7/15 Remember, cointegration is a cornerstone to the S2F model. But it turns out it’s not a very easy concept to deal with, as @btconometrics (the ~only one who understands it) has himself abandoned his original method he used for proving cointegration back in August. pic.twitter.com/nLA259zAZt
— Eric Wall ? (@ercwl) April 15, 2020
Wall added,
“[The btconometrics analyst] still believes that there is cointegration between ln(price) and ln(S2F), but make no mistake: throughout this whole saga (August 2019 until now) when S2F sailed to the top among bitcoin price models, it did so based on math the author now finds invalid.”
Conversely, Wall was full of praise for the (much older) rainbow model, which he says “doesn’t rely on elaborate concepts that don’t make sense (one-sided supply/demand narratives), fickle values or arcane math.”
Instead, he wrote, the rainbow chart “takes the simplest approach,” and is, essentially, “just a trajectory that bitcoin price seemingly follows.”
As one might expect, Wall’s pots drew no shortage of response from crypto enthusiasts on Twitter.

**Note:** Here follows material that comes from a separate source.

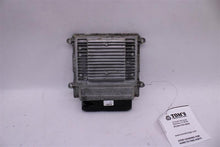 Load image into Gallery viewer, ECU ECM COMPUTER Optima Magentis 2006 06 2007 07 2008 08 Auto - 1170601
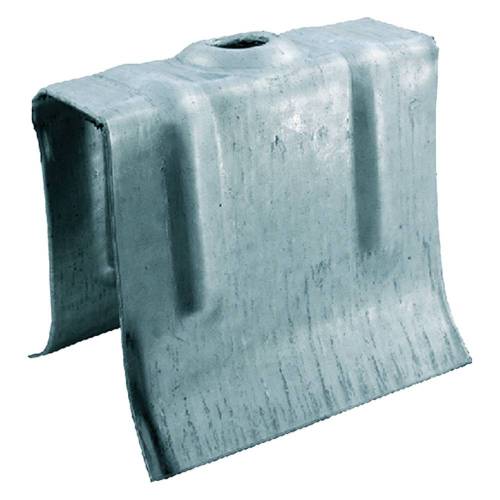 CAPPELLOTTO 'TIPO BROLLO' mm 46 x 15...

Even the afore-mentioned btconometrics piped up with a response to Walls’ charges that forecasting is an impossible science, sarcastically quipping that weather forecasters seem to manage well enough.
Others were quick to point out that “dismantling S2F” alone would not “prove rainbow correct,” with one user adding that the choice between the two models was “not a binary decision.”
And another Twitter user pointed out that the very notion of competition between the models was perhaps pointless – particularly as both models appear to concur, with similar predictions of bitcoin reaching a price watermark of around USD 100,000 sometime between 2021 and 2022.
You’re basically dissing S2F and praising the rainbow chart.
Both predict ~100K around Q42021 / Q12022 right? So what’s the difference? Only difference is S2F is based on real statistics.
I think the conservative S2F model (price ~55K between halving 3 and 4) is more accurate.
— ₿it Harington (@bitharington) April 15, 2020
And while many came to the S2F model’s defense, however, no detailed response has so far been seen from the popular model’s creator, the outspoken Twitter user PlanB.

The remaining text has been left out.